### Exercise instructions
Without changing a word, repeat the data, and include no pictures.

### Information provided
- - -

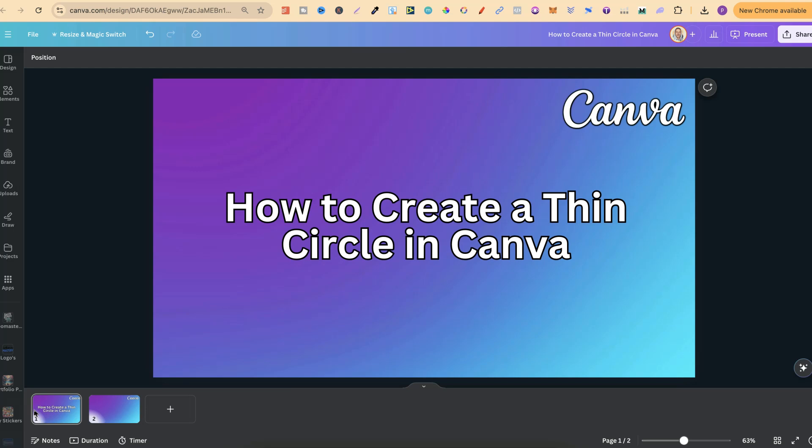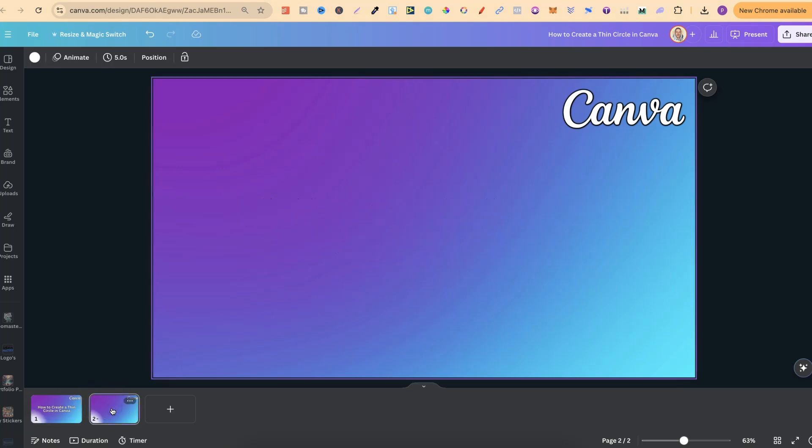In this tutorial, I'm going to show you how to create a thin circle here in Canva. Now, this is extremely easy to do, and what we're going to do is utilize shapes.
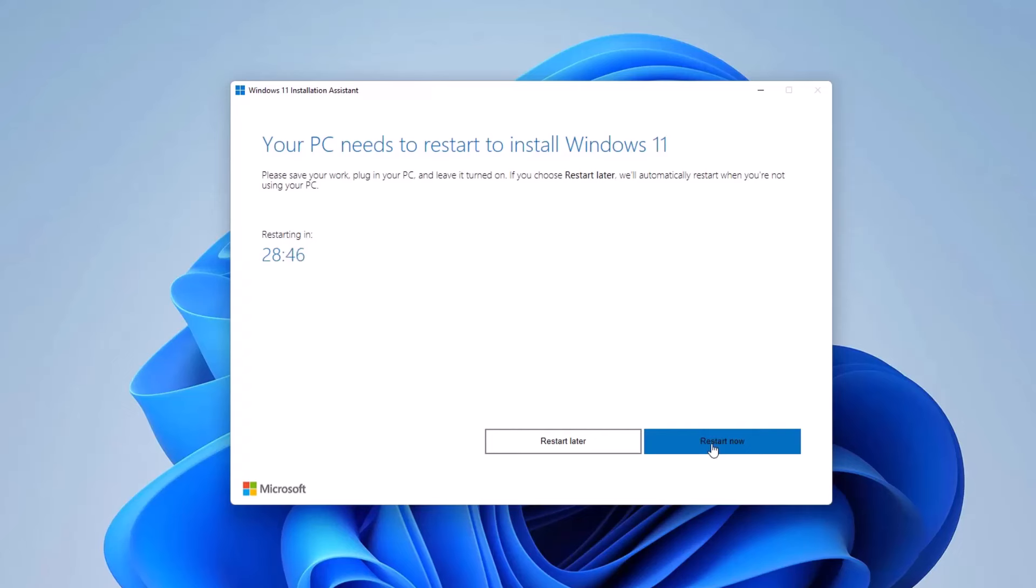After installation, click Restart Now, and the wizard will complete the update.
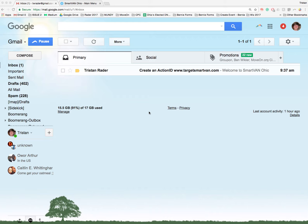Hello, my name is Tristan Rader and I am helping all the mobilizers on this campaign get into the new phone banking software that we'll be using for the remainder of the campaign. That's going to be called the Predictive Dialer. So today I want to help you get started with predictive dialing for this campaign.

- - -

### Reply
In this tutorial, I'm going to show you how to create a thin circle here in Canva. Now, this is extremely easy to do, and what we're going to do is utilize shapes.
After installation, click Restart Now, and the wizard will complete the update.
Hello, my name is Tristan Rader and I am helping all the mobilizers on this campaign get into the new phone banking software that we'll be using for the remainder of the campaign. That's going to be called the Predictive Dialer. So today I want to help you get started with predictive dialing for this campaign.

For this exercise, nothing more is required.